- Bindian Location within Azad Kashmir
- Coordinates: 33°12′N 74°02′E﻿ / ﻿33.20°N 74.04°E
- Country: Pakistan
- Province: Azad Kashmir
- Elevation: 810 m (2,660 ft)
- Time zone: UTC+5 (PST)

= Bindian =

Bindian is a small village in Kotli District of Pakistani Kashmir.

== Geography ==
Bindian lies 20 miles from the town of Kotli in the heart of the Bannah Valley of Khuiratta, which can also be pronounced Khoiratta.

== Demographics ==
Most of the people are farmers, working abroad and in Military.

== Overview ==
Bindian has always been a hub for Political and religious activities in Banah Valley, there are many well-qualified teachers, professors, librarians and military and air force employees.

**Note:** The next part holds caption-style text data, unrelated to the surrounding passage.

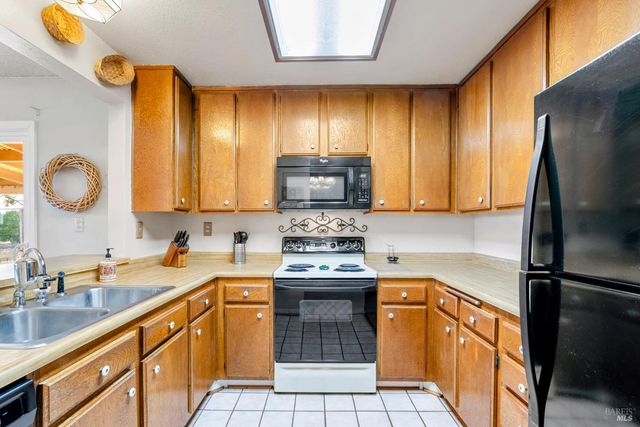 140 Bluebell Pl, Vallejo, CA 94591
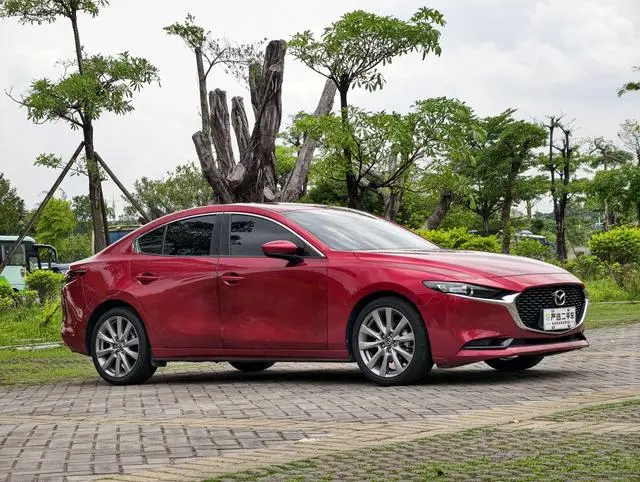 Mazda Mazda 3 Angkesaila 2.0L automatic quality elegant version
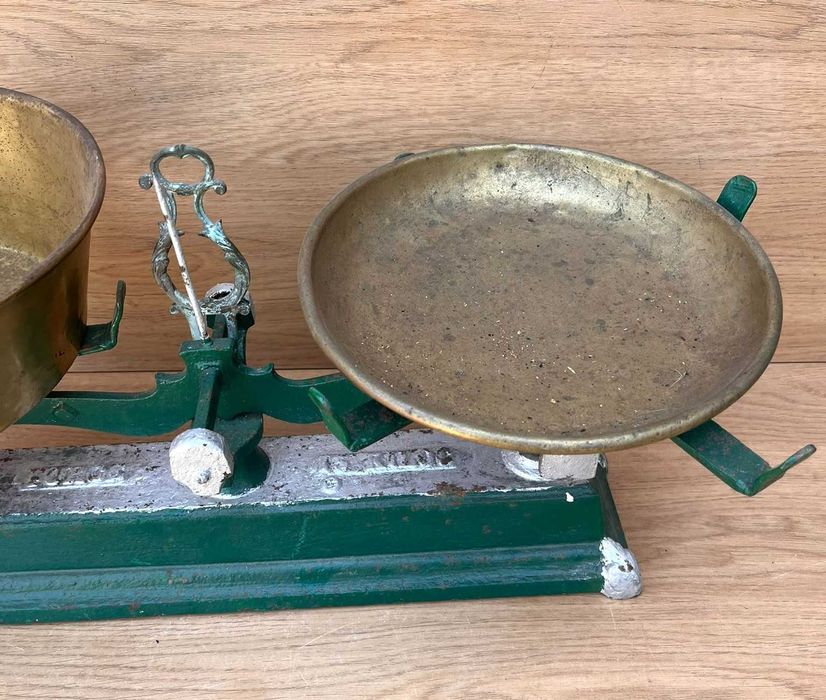 Balança de mesa antiga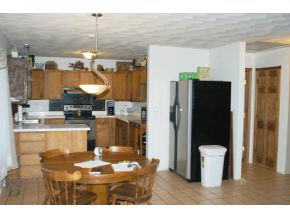 9773 East Dobson Road Bloomfield, IN 47424 - Photo 4 of 18 Gallery Image 4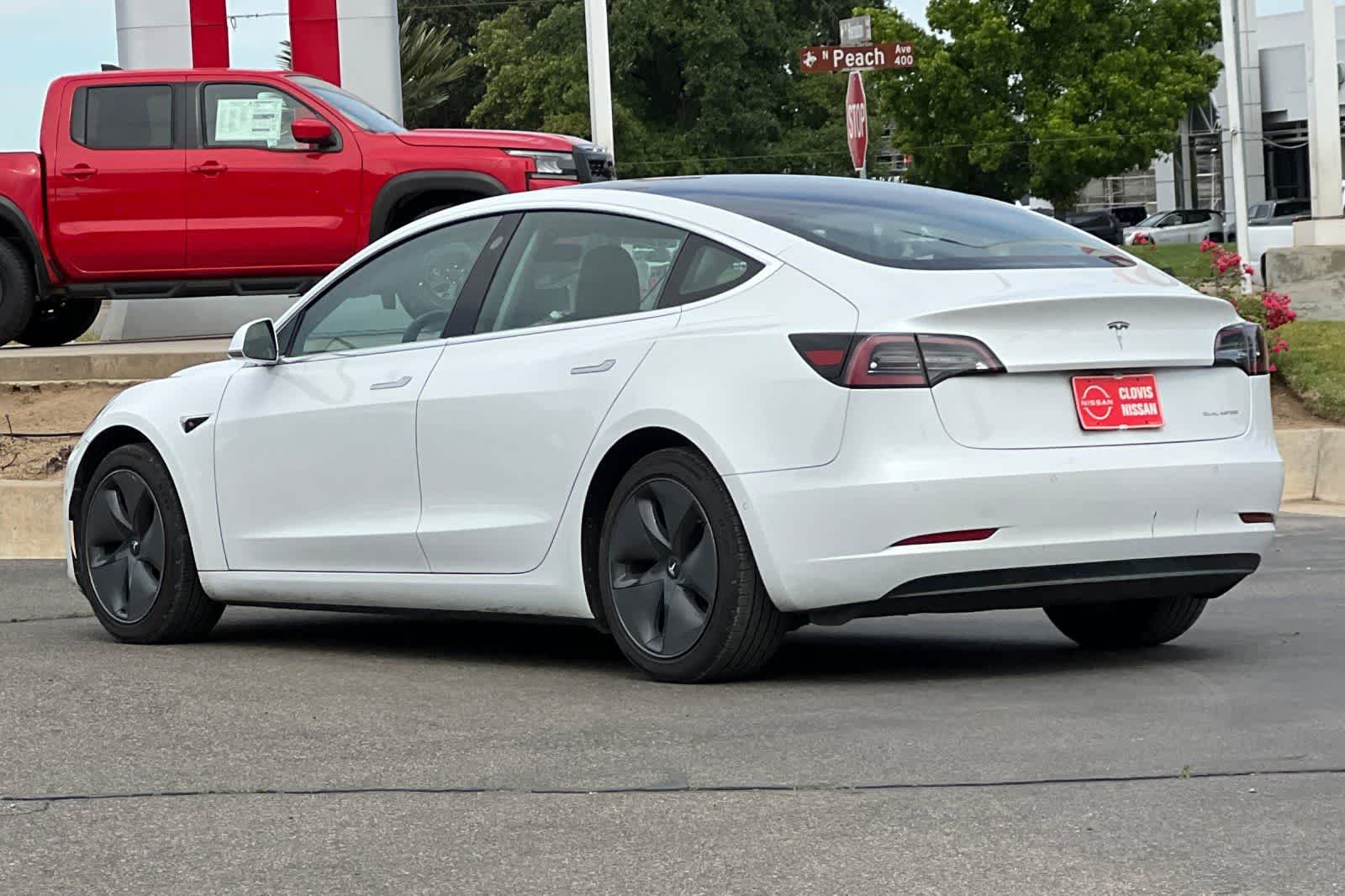 Thumbnail: 2019 Tesla Model 3 - 7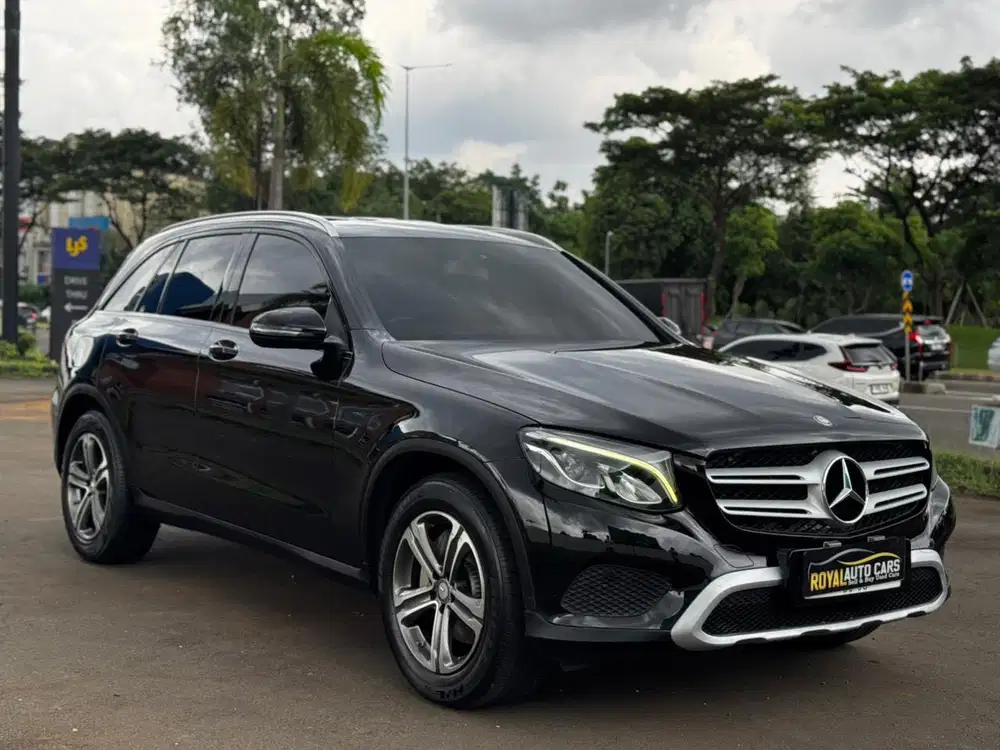 LOWKM SERVICE RECORD! Mercedes-Benz GLC250 Exclusive 2017 SIAP PAKAI
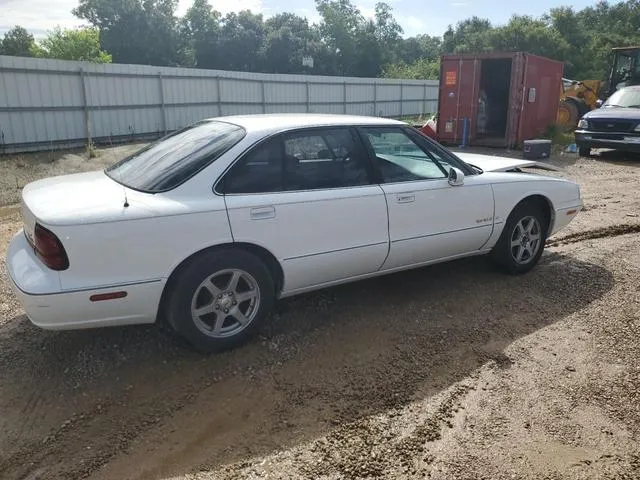 1G3HN52K2W4863917 1998 1998 Oldsmobile 88- Base 3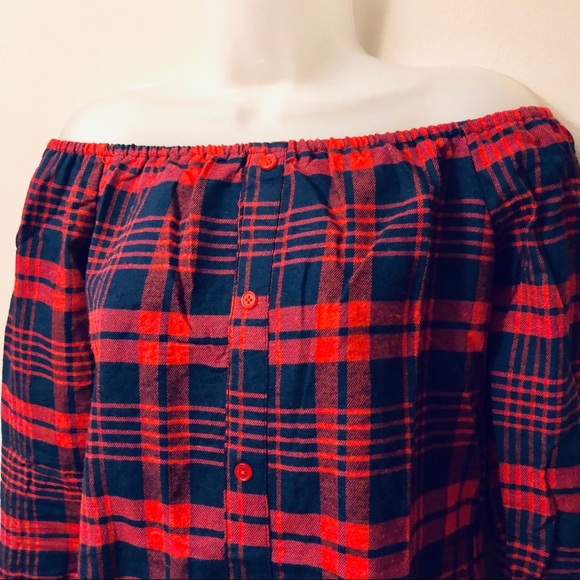 Plaid Flannel Print Off the Shoulder Button Shirt - Picture 4 of 5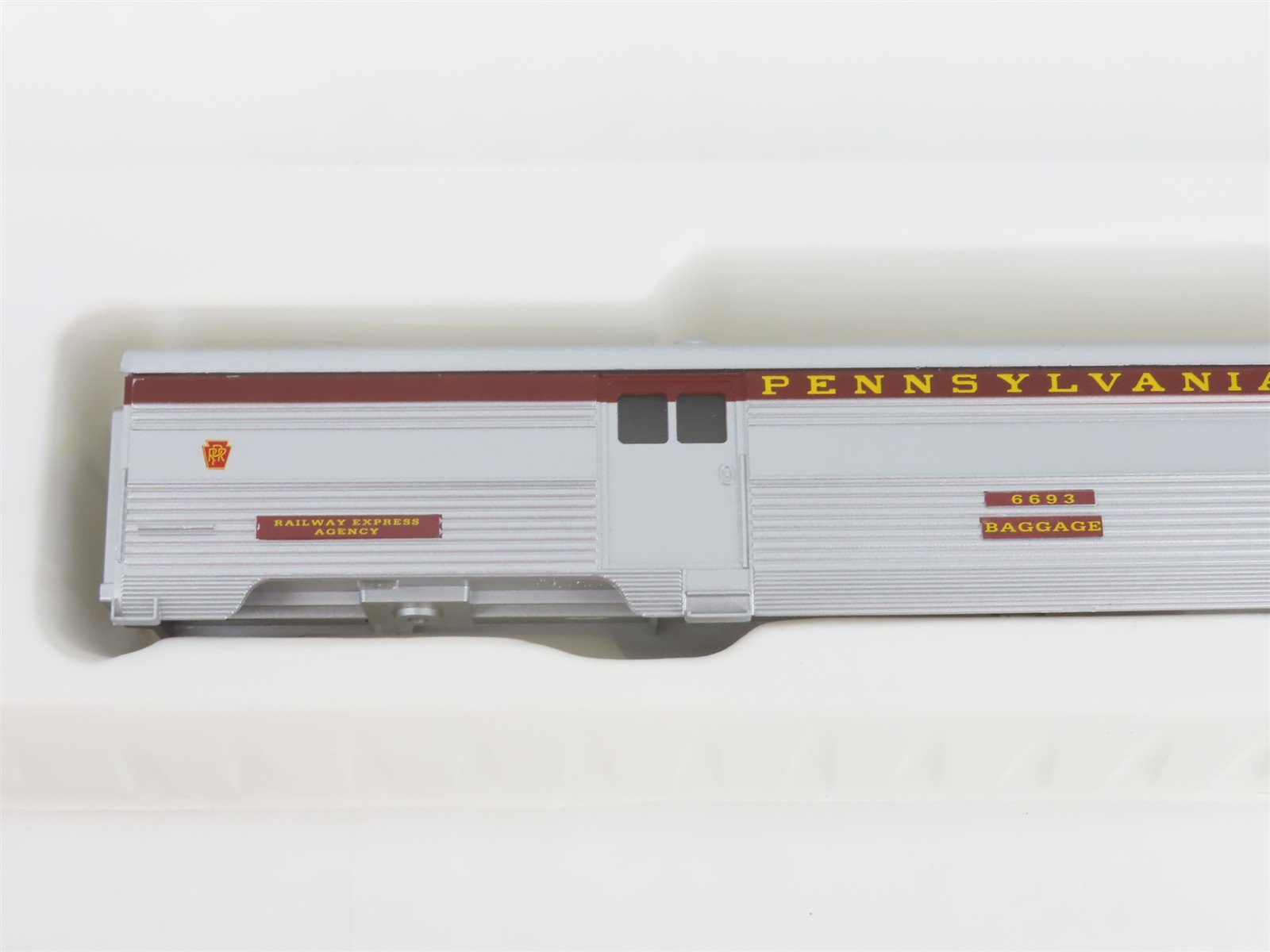 HO Scale Con-Cor Kit 0001-000748 PRR Pennsylvania 70' Baggage Passenger #6693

People in village usually live in houses made of bricks, clay or mud. These typically have two or three rooms which house extended families. Although now they prefer living by making separate home for each family (nuclear units) but they don't live far away from their relatives, and they are extending their villages by making more homes. Due to geographical and other socioeconomic diversity, different regions have slightly different physical and social layout. The village is also known for its wheat and corn which is still grown organically.

Bindian has two schools, a boys high school (Colonel Qazi Jan high School) and a girls school that children attend from age 4.

== Notables ==

- Colonel Qazi Muhammad Jan SJ
- Master Allaf Deen
- Qazi Mohammed Khalil Qureshi
- Ghazi Abdur Rehman
- Colonel Qazi Muhammad Farooq
- Haji Raj Mohammad
- Master Abdul Kareem

== Religion ==
Bindian is 100% Sunni Muslim population, has a masjid that is located in the middle of the village on the spot known as the taup.